[SOURCE INFORMATION]:
————
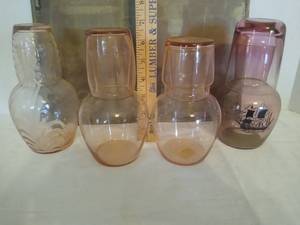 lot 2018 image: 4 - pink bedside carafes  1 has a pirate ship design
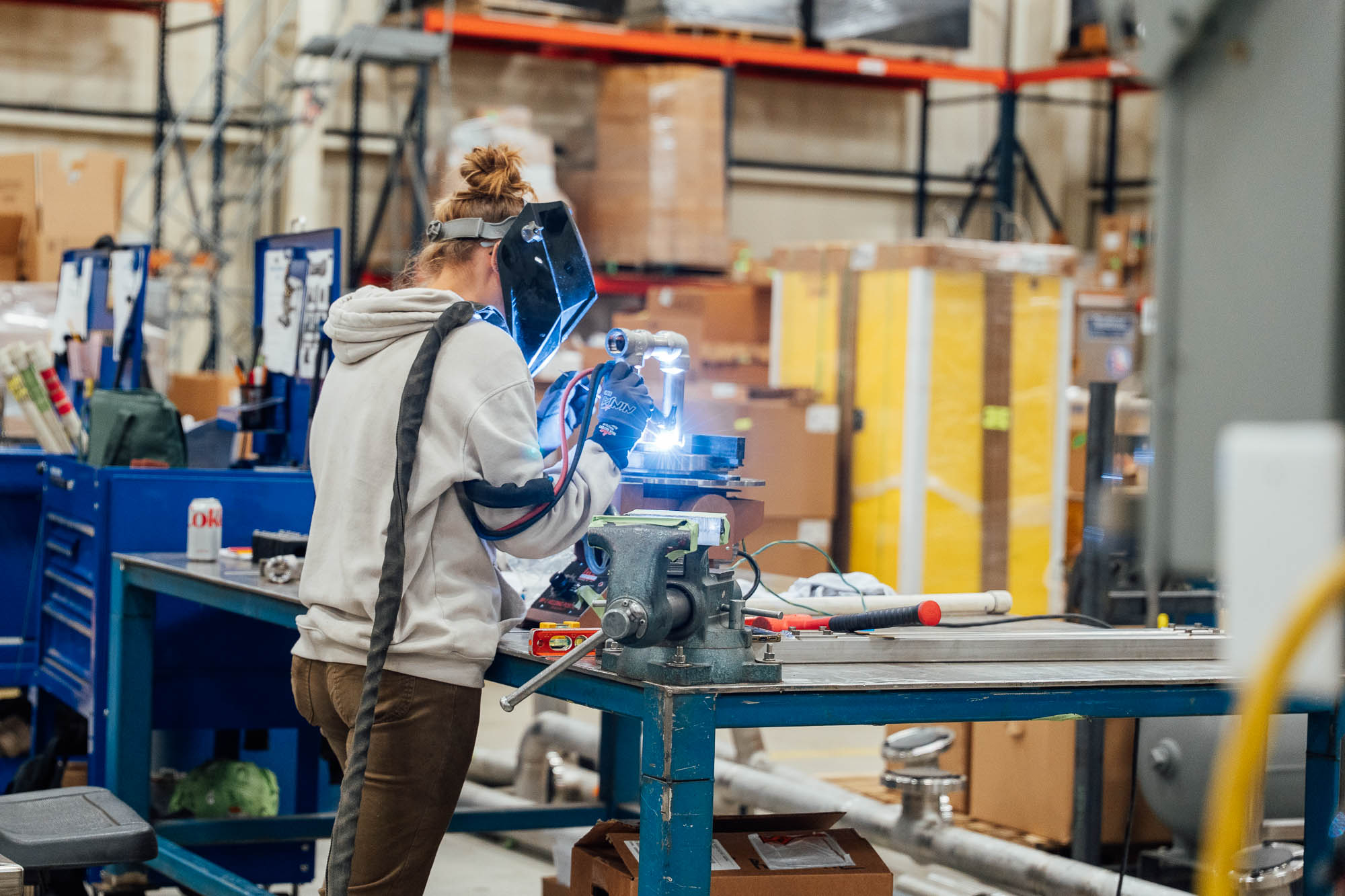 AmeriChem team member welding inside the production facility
————
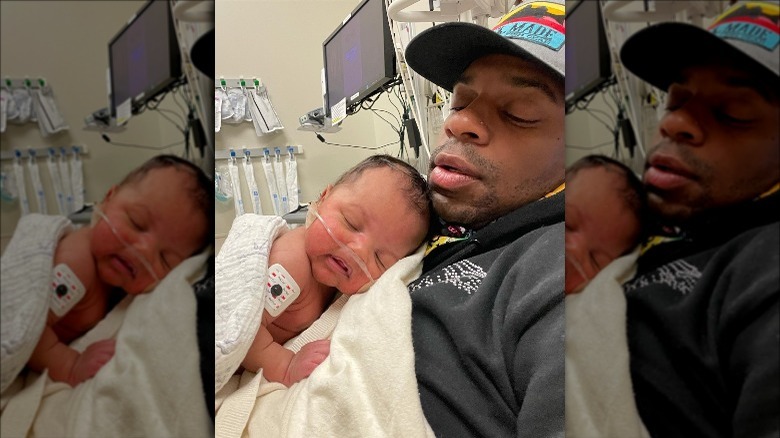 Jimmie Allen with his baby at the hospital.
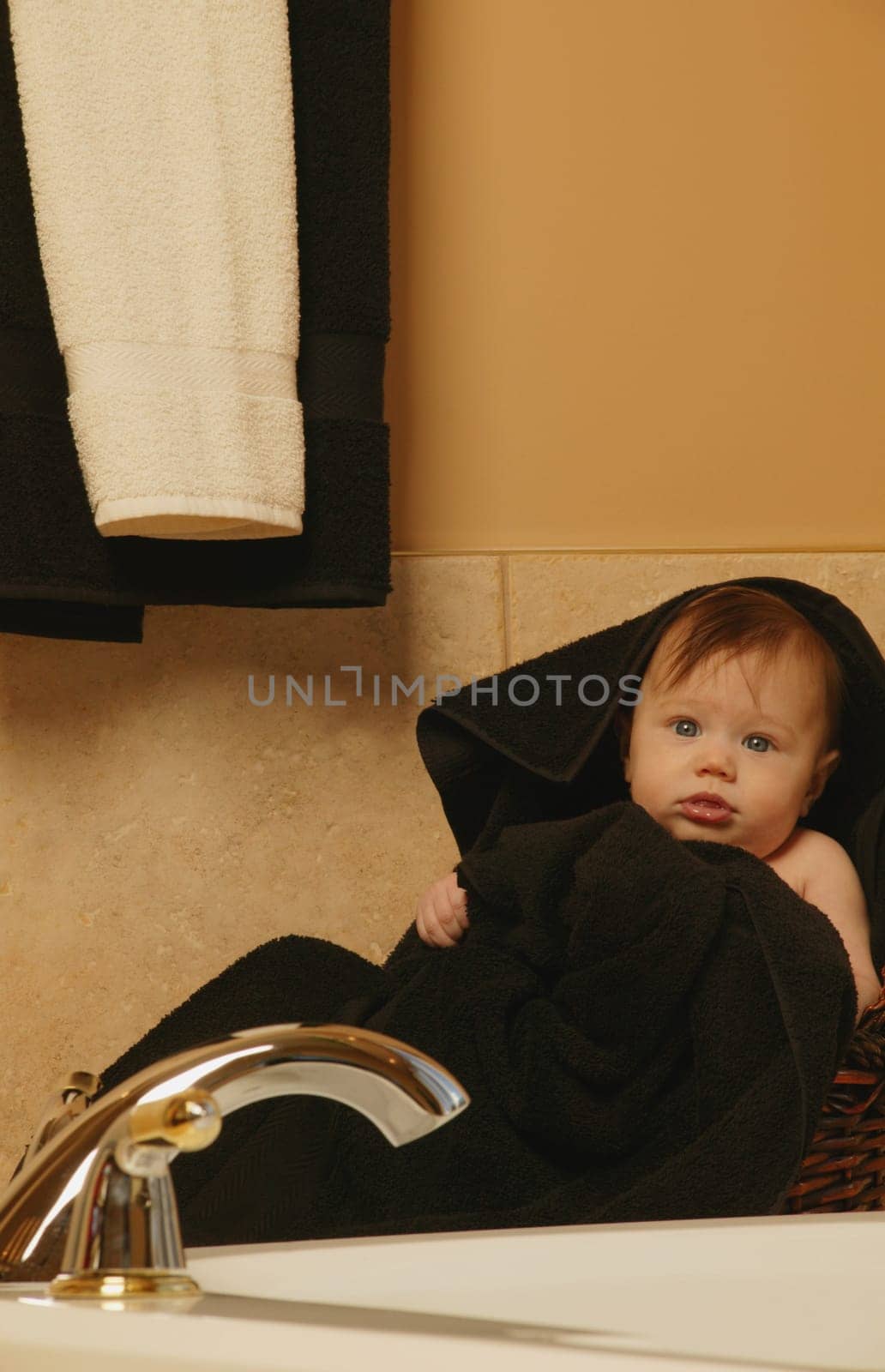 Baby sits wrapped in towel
————
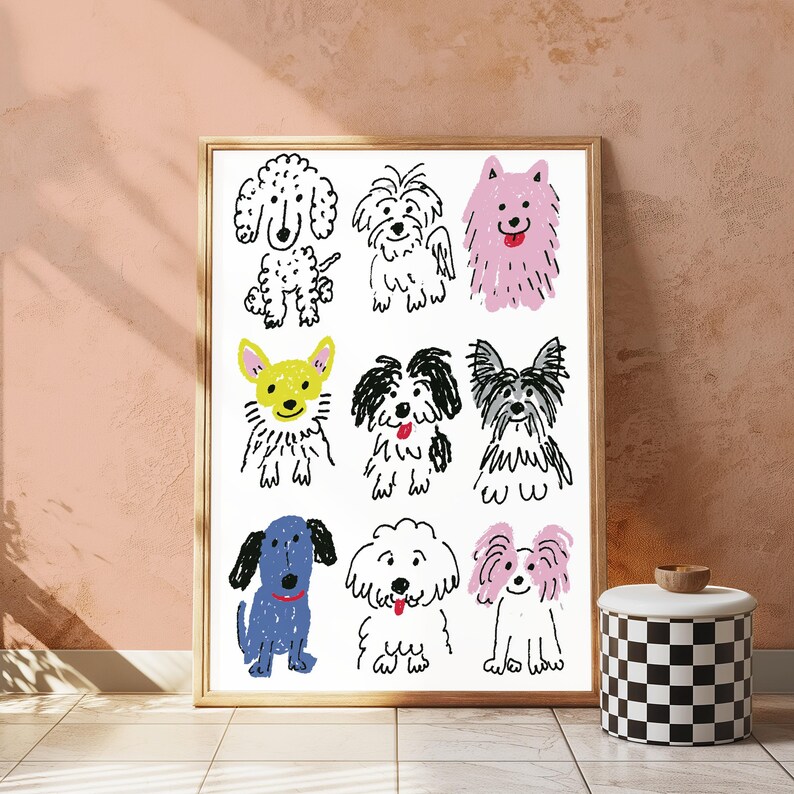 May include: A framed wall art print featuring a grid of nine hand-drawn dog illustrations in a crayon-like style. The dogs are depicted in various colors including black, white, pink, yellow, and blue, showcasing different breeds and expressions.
————
[WHAT IS BEING ASKED]: When you reach the line with "lot 2018 image: 4" in the records above, begin repeating the lines exactly, and stop after the line with "AmeriChem team member". Skip all pictures.

[EXERCISE OUTPUT]:
 lot 2018 image: 4 - pink bedside carafes  1 has a pirate ship design
 AmeriChem team member welding inside the production facility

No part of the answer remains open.